毎日、それこそ湯水のように報道される日本各地のニュース。中には「よくこんな映像撮れたなー」などと感心してしまうようなものも多々あります。そんな現場の苦労や知られざる真実を、元報道カメラマンが無料メルマガ『お教えしましょう!報道・撮影現場の裏側』で配信しています。
きょうも1日
きょうも1日中「待ち」になるだろう。
T自動車の幹部が逮捕された。警察がガサ入れに来る可能性大なので、そのT自動車本社の前でスタンバイだ。自分1人ではと、さすがに若手のS記者とT音声マンをよこしてくれた。

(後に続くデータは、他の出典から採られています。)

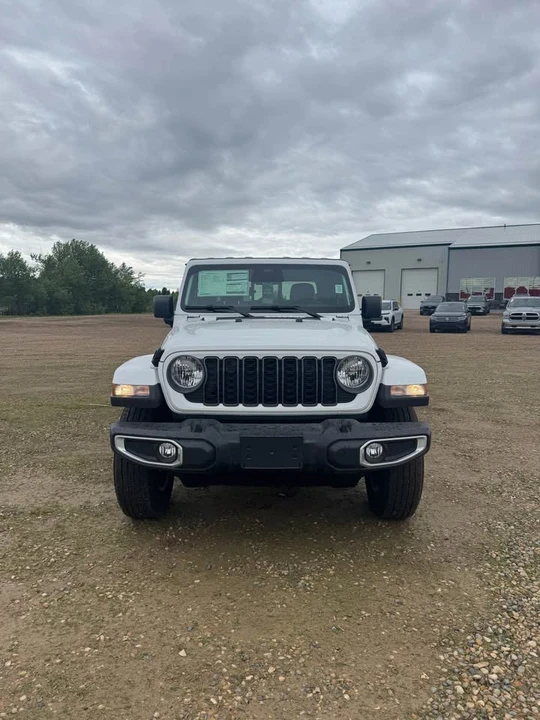 2026 Jeep JT Gladiator - Image 2 of 10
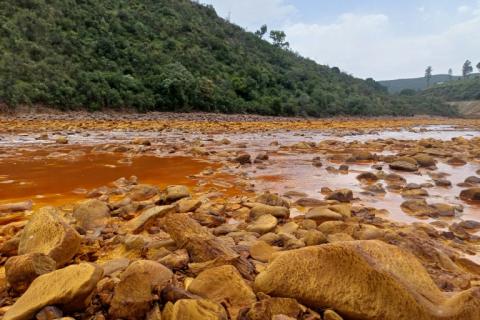 Photo non datée obtenue le 21 juillet 2026 de Luke Bridgestock, de l'université de St Andrews montrant le fleuve Tinto pollué, dans le sud-ouest de l'Espagne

朝8時、きょうはこれからこの3人で、同じ1日を過ごすことになるだろう。
本社ビル前の歩道にカメラを据えた。このT自動車は、大企業だけあって、すかさず警備員が飛んできた。いつものことだ。歩道にいる限り何か言われることはないが、必ずやってくる。
私:「何時になるかわかりませんよ」
警備員:「ええ、わかってます、私たちのことはゴミだと思ってください」
そういいながら自分たちがいる限り、見えるところに立っている。まあ、それが彼らの仕事だ。
T自動車の本社ビルは、でかい。車もひっきりなしで出入りする。そこで警察らしき車両を見分けて、撮れという。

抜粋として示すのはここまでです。